The study designer side of a form and how it appears in study conduct

Spoiler:
I am the design team’s go to person for questions concerning building and deploying clinical trials. And that’s not because I’ve been on the product the longest; it’s because I demonstrated within the first four months that I could build my understanding so that I understood the space as well as my cross functional partners. Demonstrating that I wanted and was able to understand all the details and decisions, built the team’s confidence in the design work presented later on. My expertise enabled me to educate seven team members about the space and document my learnings as a reference for the team. 


In the beginning...
When I first started working on IBM Clinical Development, I had just begun to understand the definition of life scienes. To say that I started from nothing would not be an exaggeration. I knew that I needed to change my knowledge deficit fast, especially since I had to start on designs and research immediately. On top of that, I knew that the method, depth, and velocity of building domain knowledge would play a crucial role in developing trust with my new cross functional partners. Otherwise how could I expect them to trust any design decision, regardless of how well I explained it, if they didn’t have the confidence that I understood the space they worked in for their entire careers?


The How:
I started by organizing weekly knowledge share sessions with the design and cross functional team. Since the legacy product was extremely feature and setting dense, each session we could cover only a very small portion of the product. I would ask questions on every little detail: what was the original need, why was it implemented in that way, did it really require this much customization, what do our users think, did it successfully solve for the need, and so on.

Doing this enabled me to begin to see the intricacies of study building process, how a study is structured, and the workflow processes in the perphery that enable a study to run smoothly.

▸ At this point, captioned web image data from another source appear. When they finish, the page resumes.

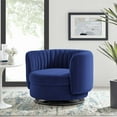 thumbnail image 2 of Armchair Swivel Accent Tufted Chair, Black Blue Navy, Velvet, Modern Contemporary, Living Lounge Cafe Room Hotel Lobby Hospitality, 2 of 7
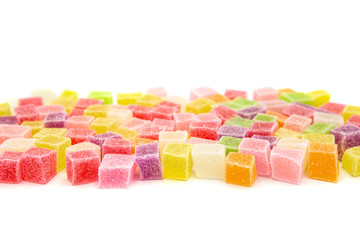 Assortment of colorful fruit jelly candy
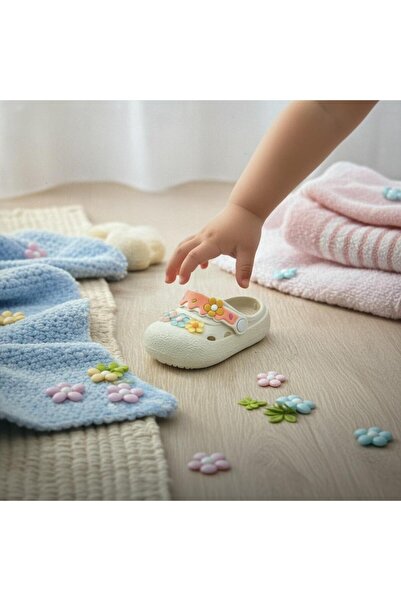 mersin md tekstil Κοριτσίστικες παντόφλες παραλίας με λουλούδια, κατάλληλες γ...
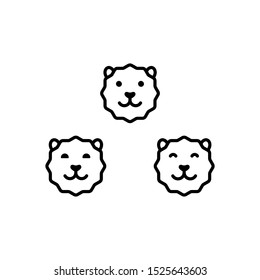 Cute faces of a lion or tiger outline icons, cute animals vector Illustration on a white background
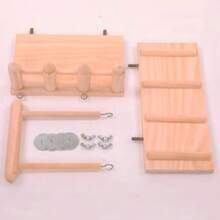 天然木制鸟栖木，鹦鹉玩具秋千梯，鸟笼栖木，宠物鸟玩具，玄凤鹦鹉和鹦鹉笼配件，鸟类健身游乐场 - 彩色 - 查看 5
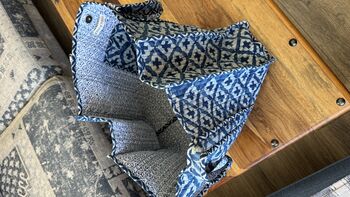 Tote Bag, Beach Bag, Block Print Indian Handbag, Indigo, 9 of 11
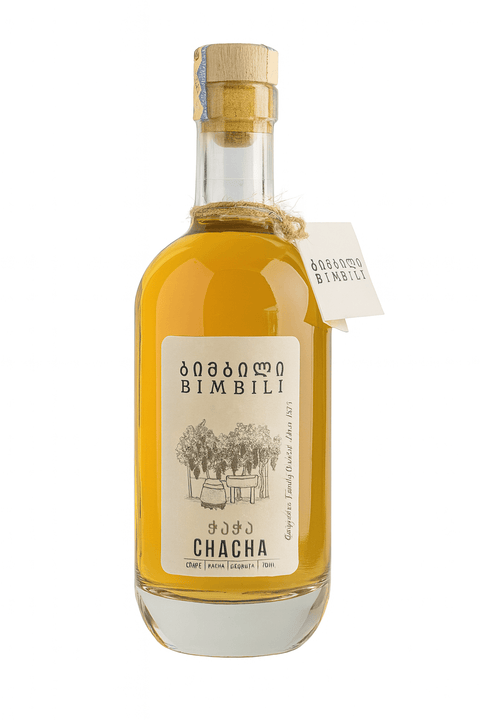 Bimbili ChaCha Oaked 0.75L bottle, 48% vol, premium Georgian grape pomace spirit with oak-aged amber color and vanilla aroma.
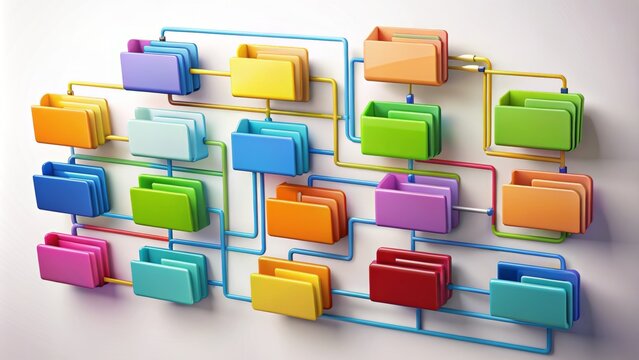 Colorful diagram showcases categorization process with folders, files, and icons organized in a neat, categorized, and labeled visual representation.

I also spent a significant amount of time building and deploying my own studies. Not only to experience what users did, but to also better understand the system. ICD is a highly customizable tool where everything you see on the study conduct side of the tool is a result of a setting in the study designer side. Beyond the forms for data collection; the navigvation, page titles, and even the iconography were all customizable and differed between studies. In order to truly understand the consquences of an action, I had to track it across both the study design and study conduct sides of the tool. 

What’s the big deal?
The result was that these efforts formed the foundation of design team’s understanding of ICD. It enabled me to explore the product with intention and identify key areas to discuss with users. I was able to thoroughly and quickly build domain knowledge so that I could teach two consulting team members about the space and eventually onboard five more. And further down the road when we presented new designs, the cross functional team knew that our work had a sound foundation and better trusted it.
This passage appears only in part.